Probability of the disease people

[Old Student]

Dear helper!

I would like the ask the following questions! Could you help me? Thanks

(a) in city X, the proportion of people having a respiratory disease is 0.08. If ten people in city X are randomly selected, find the probability of that

(i) exactly three people have respiratory disease

(ii) more than two people have respiratory disease

(b) in city Y, 16% of new born babies are under weighted. If a new born baby is under weighted, the probability that its mother being a smoker is 0.58, if a new born baby is not under weight, the probability that its mother being a smoker is 0.27

(i) construct a tree diagram to describe these event

(ii) what is the probability that a new born baby is under weighted if its mother is a non smoker

 

[HallsofIvy]

Help you how? What can you do on these problems and where did you have difficulty? Do you know what the "binomial distribution" is? These look like homework problems. If you have been given these problems in a course, surely you were taught something about how to do them.

 

[Old Student]

I am an old part time student to study statistic now! Even I know what the binomial distribution is, but I really don't know how to solve this question! Just want ask for people's help!

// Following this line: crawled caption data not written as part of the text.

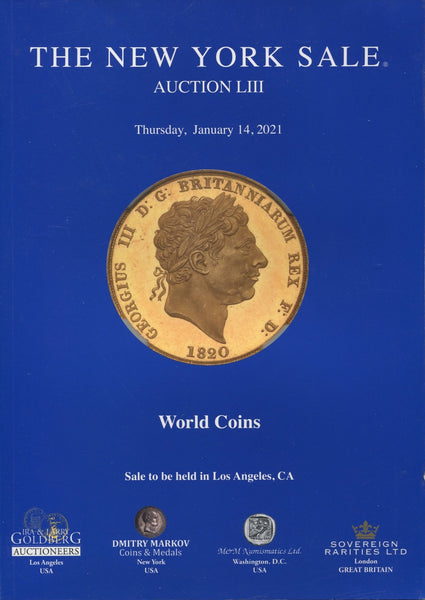 Image of a Markov auction catalogue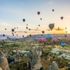 Kapadokya’da balon turları iptal edildi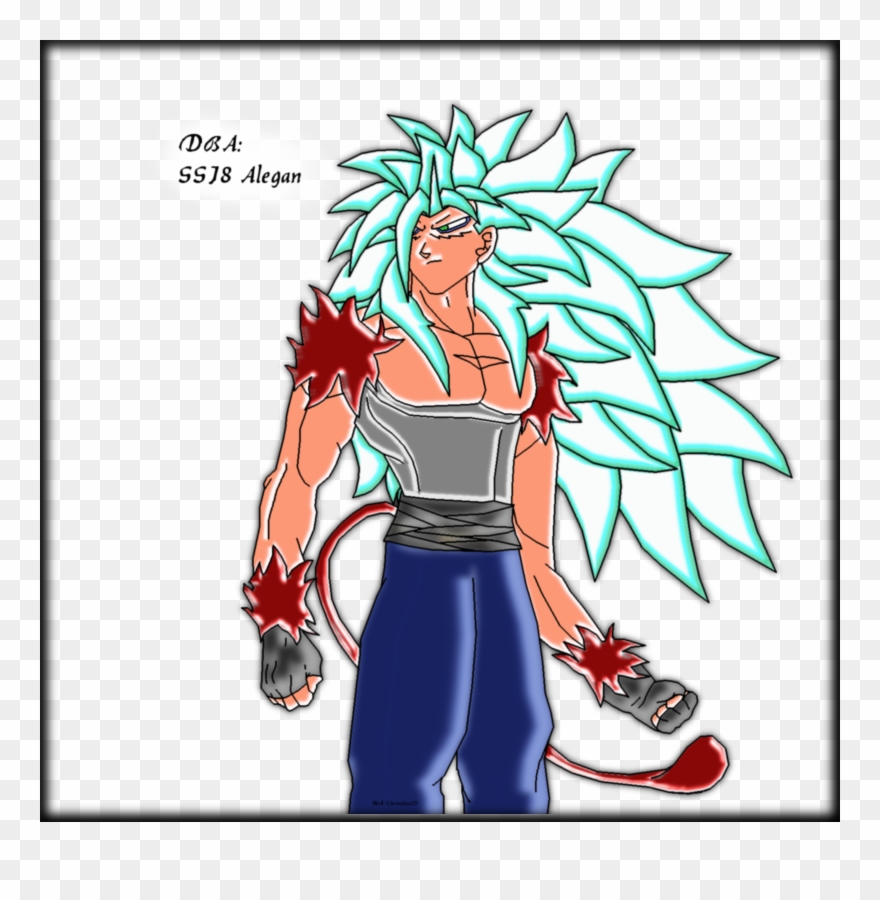 3mib, 3000x2935, Dragon Ball Alpha Alegan Ssj8 By Theonephun211-d9afmd2 - Comics Clipart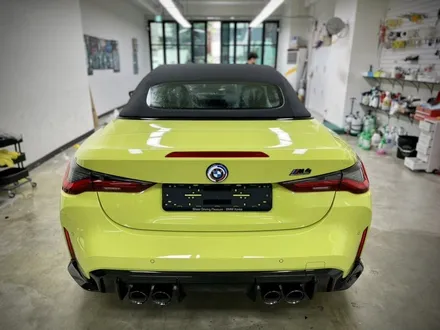 bmw g83 m4 생활보호 시공 강서구 본넷ppf 하면 뭐가달라질까? / 서울 강서구 공항동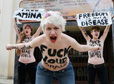 少女裸照惹发生死案 裸胸圣战全球连环抗议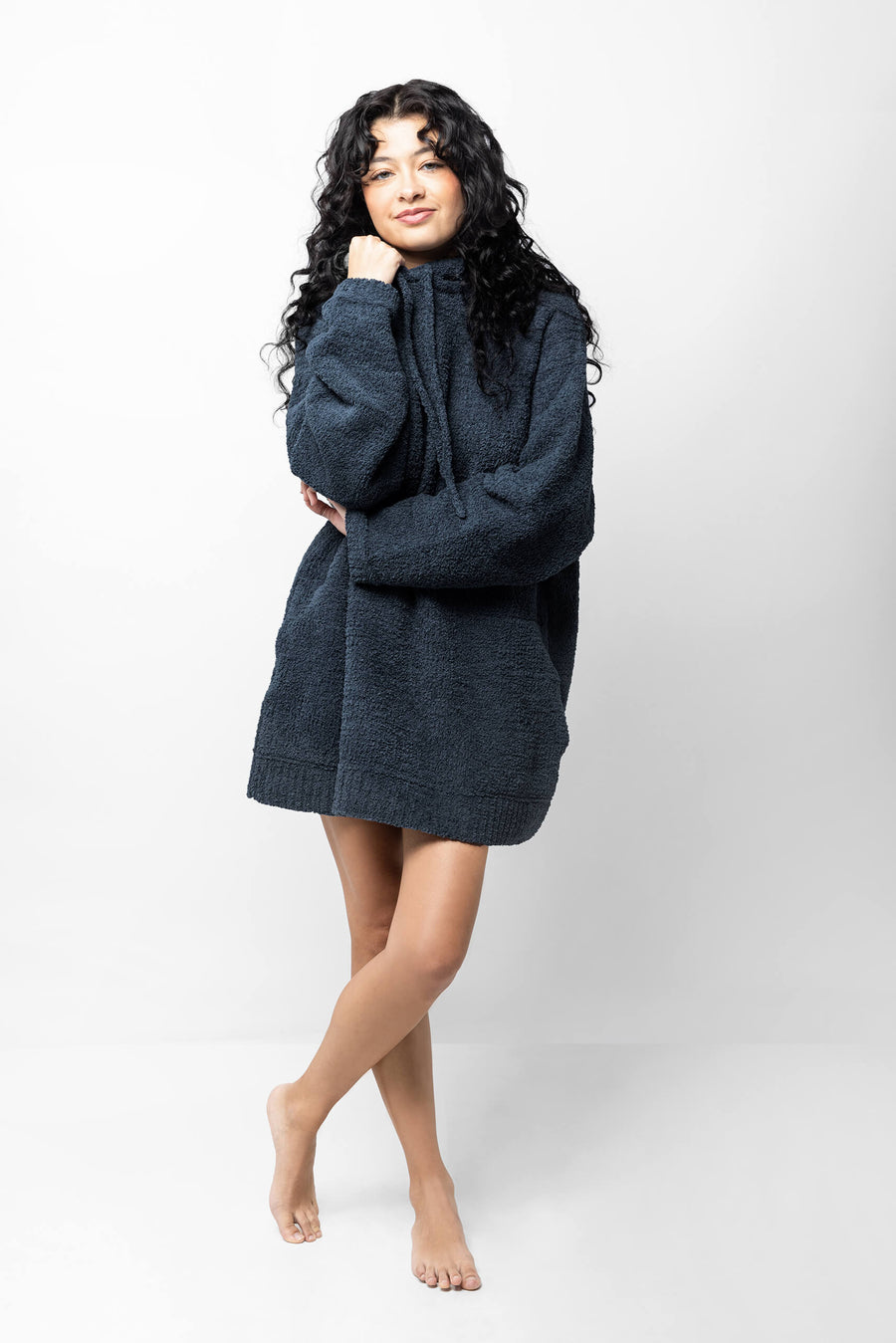 Snug Blanket Hoodie Midnight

So I can study and know the problem via the procedure!

thank you

 

[HallsofIvy]

If the probability of an event is p (so the probability of it not happening is 1- p) then the probability of it happening m out of n times is \(\displaystyle \frac{n!}{m!(n- m)!}p^n (1- p)^{n- m}\). That is the binomial distribution and is the answer to (ai) with n= 10, m= 3, and p= 0.08. For (aii) I would use that to find the probability of none, exactly 1, and exactly 2. The probability of "more than 2" is 1 minus (the probability of 0 plus the probability of 1 plus the probability of 2).

For (bi) a "tree diagram" is a series of arrows showing the different possible outcomes. Here, from the "root" of the tree, you have two arrows ("branches"), that a baby is underweight and that a baby is not underweight. From each of those there are two more arrows, that the mother is a smoker and that the mother is not a smoker.

For (bii) the way I prefer to do it is this: Imagine 10000 babies (too avoid fractions). 16%, 1600, are underweight, 10000-1600= 8400 are not. Of the 1600 underweight babies, 58%, 928, have mothers who smoke. Of the 8400 who are not underweight, 27%, 2268, have mothers who smoke. That is a total of 2258+ 928= 3196 babies with mothers who smoke of which 928 are underweight (I am assuming one baby per mother).

 

[Old Student]

Thanks HallsoIvy's help

For a(i) , if I assume there are 100000 in city X, that means there are 80 people having respiratory disease! Right? Furthermore, can I think via this way?
Exactly 3 sick people can be selected, the probability is (80/100000) X (79/99999) x (78/99998) ~= 0.0008x0.0008x0.0008=0.000000000512

 

[HallsofIvy]

Thanks HallsoIvy's help

For a(i) , if I assume there are 100000 in city X, that means there are 80 people having respiratory disease! Right? Furthermore, can I think via this way?
Exactly 3 sick people can be selected, the probability is (80/100000) X (79/99999) x (78/99998) ~= 0.0008x0.0008x0.0008=0.000000000512

No, .08*100000 is NOT 80. Were you thinking that 0.08%= .0008? That is true but this problem says "the proportion of people having a respiratory disease is 0.08", NOT ".08 %".